Pour Gaëlle Tellier, vice-présidente du Groupe SOS en charge des solidarités, ce paradoxe appelle à une réponse pragmatique : « Le vivre-ensemble ne se décrète pas, il se vit chaque jour sur le terrain. Nous agissons pour toutes et tous, du plus fragile au plus ordinaire : de la crèche à l’Ehpad. Ce baromètre le montre : les Français attendent des actions concrètes, visibles et utiles sur leur territoire ».
La Région Sud : la liberté individuelle avant tout
Les résultats détaillés pour la région Provence-Alpes-Côte d’Azur et la Corse, isolés dans cette étude, dessinent un paysage local singulier. Ici, la valeur cardinale n’est pas le vivre-ensemble (cité par seulement 39 % des habitants comme valeur prioritaire), mais la « liberté individuelle », plébiscitée à 58 %, soit le taux le plus élevé de France.
Le scepticisme y est également plus marqué qu’ailleurs : 33 % des habitants de la région (contre 30 % au national) perçoivent même le vivre-ensemble comme une « idéologie néfaste ».
Cependant, l’attente d’action publique reste très forte.

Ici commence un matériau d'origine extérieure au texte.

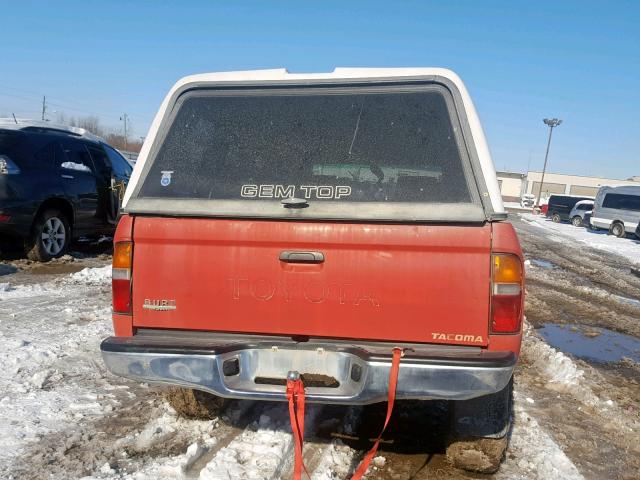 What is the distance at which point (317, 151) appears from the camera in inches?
113

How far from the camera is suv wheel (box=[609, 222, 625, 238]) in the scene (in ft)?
88.8

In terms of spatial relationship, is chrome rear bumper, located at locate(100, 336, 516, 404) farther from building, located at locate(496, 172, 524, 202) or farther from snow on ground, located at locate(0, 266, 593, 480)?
building, located at locate(496, 172, 524, 202)

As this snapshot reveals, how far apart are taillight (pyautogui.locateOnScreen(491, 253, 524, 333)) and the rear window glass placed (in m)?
0.35

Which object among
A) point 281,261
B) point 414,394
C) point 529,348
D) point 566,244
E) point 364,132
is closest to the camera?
point 414,394

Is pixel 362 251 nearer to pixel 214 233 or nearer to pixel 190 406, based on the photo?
pixel 214 233

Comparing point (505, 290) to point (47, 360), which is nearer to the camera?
point (505, 290)

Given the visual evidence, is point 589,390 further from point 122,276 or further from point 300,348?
point 122,276

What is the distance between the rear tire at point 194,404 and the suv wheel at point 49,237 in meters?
5.32

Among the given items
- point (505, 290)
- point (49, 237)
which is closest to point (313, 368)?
point (505, 290)

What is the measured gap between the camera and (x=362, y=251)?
8.52 feet

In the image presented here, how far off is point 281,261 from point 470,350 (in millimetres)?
1000

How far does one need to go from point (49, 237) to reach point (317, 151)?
6.61 meters

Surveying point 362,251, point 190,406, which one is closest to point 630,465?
point 362,251

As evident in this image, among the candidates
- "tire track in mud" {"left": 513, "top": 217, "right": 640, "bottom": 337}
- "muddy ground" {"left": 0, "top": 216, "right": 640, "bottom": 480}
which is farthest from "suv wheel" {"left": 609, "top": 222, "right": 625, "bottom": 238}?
"muddy ground" {"left": 0, "top": 216, "right": 640, "bottom": 480} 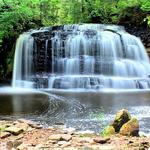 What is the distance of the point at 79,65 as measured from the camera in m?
18.9

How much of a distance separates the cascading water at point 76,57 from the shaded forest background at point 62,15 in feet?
2.00

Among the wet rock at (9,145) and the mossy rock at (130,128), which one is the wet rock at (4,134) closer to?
the wet rock at (9,145)

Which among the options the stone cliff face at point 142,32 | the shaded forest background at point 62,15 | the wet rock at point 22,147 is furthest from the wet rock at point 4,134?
the stone cliff face at point 142,32

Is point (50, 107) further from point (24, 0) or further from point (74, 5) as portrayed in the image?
point (74, 5)

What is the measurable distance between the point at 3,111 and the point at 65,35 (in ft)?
31.9

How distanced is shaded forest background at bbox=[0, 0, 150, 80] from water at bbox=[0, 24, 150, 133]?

Pour renforcer la cohésion locale, 61 % des résidents de la région PACA et de Corse placent en priorité absolue « l’accompagnement des enfants dès le plus jeune âge à la lutte contre les discriminations », loin devant la moyenne nationale. L’amélioration du cadre de vie (propreté, espaces verts) arrive en troisième position des attentes locales (40 %).
Le divorce avec le politique, le plébiscite des associations
L’enseignement majeur de ce baromètre réside dans la crise de confiance envers les institutions. Les Français ne considèrent plus l’État ou les élus comme les garants du lien social. Les responsables politiques ne sont cités que par 9 % des sondés comme acteurs du vivre-ensemble.

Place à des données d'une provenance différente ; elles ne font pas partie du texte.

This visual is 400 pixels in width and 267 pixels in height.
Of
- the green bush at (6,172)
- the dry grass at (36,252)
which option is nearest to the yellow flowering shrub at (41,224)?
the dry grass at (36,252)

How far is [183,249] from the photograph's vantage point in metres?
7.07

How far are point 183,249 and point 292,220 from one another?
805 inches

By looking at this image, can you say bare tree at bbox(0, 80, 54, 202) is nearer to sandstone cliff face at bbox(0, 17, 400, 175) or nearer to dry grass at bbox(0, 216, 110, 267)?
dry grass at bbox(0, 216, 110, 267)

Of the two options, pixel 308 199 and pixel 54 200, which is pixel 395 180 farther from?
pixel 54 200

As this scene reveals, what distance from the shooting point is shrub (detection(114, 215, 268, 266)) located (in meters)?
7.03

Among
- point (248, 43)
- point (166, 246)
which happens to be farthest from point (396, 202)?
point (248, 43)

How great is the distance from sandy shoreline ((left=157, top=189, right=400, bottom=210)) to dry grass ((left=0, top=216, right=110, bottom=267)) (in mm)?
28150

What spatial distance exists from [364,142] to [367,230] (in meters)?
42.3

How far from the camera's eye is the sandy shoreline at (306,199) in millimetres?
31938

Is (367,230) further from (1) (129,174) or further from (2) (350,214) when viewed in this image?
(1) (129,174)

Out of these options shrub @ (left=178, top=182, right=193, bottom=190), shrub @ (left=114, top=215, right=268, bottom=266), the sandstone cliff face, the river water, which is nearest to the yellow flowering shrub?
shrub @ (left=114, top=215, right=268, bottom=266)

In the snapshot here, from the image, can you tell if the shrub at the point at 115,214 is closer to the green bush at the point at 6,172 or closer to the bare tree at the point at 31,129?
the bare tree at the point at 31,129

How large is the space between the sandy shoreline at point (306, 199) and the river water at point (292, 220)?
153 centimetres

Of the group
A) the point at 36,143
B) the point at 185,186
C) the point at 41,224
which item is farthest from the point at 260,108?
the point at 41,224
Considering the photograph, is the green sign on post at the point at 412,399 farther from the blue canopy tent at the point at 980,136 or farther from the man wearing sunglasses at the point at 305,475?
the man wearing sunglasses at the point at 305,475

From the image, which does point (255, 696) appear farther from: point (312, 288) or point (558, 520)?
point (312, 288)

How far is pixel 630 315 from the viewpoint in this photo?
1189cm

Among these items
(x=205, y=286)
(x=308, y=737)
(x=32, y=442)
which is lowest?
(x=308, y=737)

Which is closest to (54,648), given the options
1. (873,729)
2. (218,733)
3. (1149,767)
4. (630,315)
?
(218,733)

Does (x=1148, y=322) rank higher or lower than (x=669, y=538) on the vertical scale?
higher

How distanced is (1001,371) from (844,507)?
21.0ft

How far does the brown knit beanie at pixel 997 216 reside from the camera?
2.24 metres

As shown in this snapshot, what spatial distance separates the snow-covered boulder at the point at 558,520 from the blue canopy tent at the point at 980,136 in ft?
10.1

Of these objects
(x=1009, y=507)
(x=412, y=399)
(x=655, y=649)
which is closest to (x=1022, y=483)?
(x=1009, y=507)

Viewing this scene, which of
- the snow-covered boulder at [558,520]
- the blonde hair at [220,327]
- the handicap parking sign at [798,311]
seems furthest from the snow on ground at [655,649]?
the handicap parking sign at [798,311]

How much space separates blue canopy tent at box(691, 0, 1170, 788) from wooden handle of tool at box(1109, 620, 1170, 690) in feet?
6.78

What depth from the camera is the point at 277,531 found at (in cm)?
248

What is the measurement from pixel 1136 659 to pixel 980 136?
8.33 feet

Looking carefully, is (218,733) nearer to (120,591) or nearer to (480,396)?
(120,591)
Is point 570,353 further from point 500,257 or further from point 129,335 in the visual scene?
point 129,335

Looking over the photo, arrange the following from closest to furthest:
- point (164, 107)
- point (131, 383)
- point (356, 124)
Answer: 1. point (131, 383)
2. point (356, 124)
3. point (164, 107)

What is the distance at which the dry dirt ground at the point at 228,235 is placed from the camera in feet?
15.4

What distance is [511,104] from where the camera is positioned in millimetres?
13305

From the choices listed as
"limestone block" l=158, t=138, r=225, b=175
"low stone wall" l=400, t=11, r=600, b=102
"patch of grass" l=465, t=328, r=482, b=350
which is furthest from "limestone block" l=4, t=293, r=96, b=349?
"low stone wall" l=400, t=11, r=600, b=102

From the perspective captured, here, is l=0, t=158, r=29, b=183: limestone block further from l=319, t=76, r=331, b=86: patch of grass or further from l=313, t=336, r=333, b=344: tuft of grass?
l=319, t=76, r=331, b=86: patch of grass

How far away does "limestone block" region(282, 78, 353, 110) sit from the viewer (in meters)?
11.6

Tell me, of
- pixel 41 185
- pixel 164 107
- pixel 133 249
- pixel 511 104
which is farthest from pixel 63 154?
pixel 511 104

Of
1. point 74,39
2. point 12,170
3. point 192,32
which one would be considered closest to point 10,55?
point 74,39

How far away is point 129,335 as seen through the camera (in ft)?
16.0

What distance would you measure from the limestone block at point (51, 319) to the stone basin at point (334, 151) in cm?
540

À l’inverse, le tissu associatif est perçu comme le dernier rempart contre l’isolement. 64 % des Français considèrent que les associations (sportives, culturelles, caritatives) contribuent concrètement à faire société. Ce chiffre valide le modèle défendu par le Groupe SOS (https://www.groupe-sos.org/), qui avec ses 22 000 employés, démontre que l’économie sociale et solidaire est devenue un pilier indispensable de la cohésion nationale.
Les freins identifiés : insécurité et individualisme
Qu’est-ce qui bloque ? Les répondants identifient deux obstacles majeurs qui se tiennent au coude-à-coude : la crainte de l’insécurité (50 %) et l’individualisme des citoyens (48 %).
Le baromètre met également en lumière les populations perçues comme étant les plus exclues de cette promesse républicaine. Sans surprise, 82 % des Français estiment que les personnes sans domicile fixe sont rejetées, suivies par les personnes en exil (72 %).
À l’approche des élections de mars 2026, les maires sortants et les candidats sont prévenus : les promesses ne suffiront plus. Les électeurs réclament des espaces de rencontre, de la sécurité et une lutte active contre l’isolement des aînés, identifiée comme la deuxième priorité d’action au niveau national.